In fiction, backstory is about how a character gets to be like that, or does that, whatever the that of the story is. In real life, it’s more how each of us can be fathomed, can be understood, can be contextualized, can be tracked, how our bodily reactions and inner thoughts penetrate our actions, our gestures, our tone -  right now, in this moment.   
Backstory is of course about time, time past, what is behind us and what we carry with us. Remnants, vestiges of habits, rituals, mementos as much as memories, crucial moments, scars, wounds, phobias and history. All of the remnants, through time and, also, through space. Like a territory. Like a hinterland. Our territory.  Our hinterland.
At the same time, backstory is about what can’t be safely assumed.  If it can be taken as given, well, that’s just general life then.  Not the specific markers of what I do (or might do) or who I am, an individual; what we each do (or might do) and are, as individuals.  In society, yes. In cultures, of course. Nevertheless, the defining quality of a backstory is that it’s unique.  And what’s more it is never complete, set or finished. Not fixed, stuck, static or passive but glimpsed in motion. Jostling, in flux, becoming, a kind of plasticity, always a potentiality, always unfinalized with an array of voices interacting in different ways at different times. 
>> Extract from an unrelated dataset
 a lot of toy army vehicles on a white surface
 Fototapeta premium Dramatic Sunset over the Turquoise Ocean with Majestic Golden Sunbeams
What a world backstory is – versions and inversions of time and spatiality,  things, memories and all in constant motion.  In BackStories we invert the face to face.  Instead of the face as our mainstay source with a bit of peeking sideways and  beyond into the hinterland, the turning around brings background into the foreground.  Or strands of it.
Two women.
A bar stool.  A park bench. An apartment.
Past and present, viewed from behind.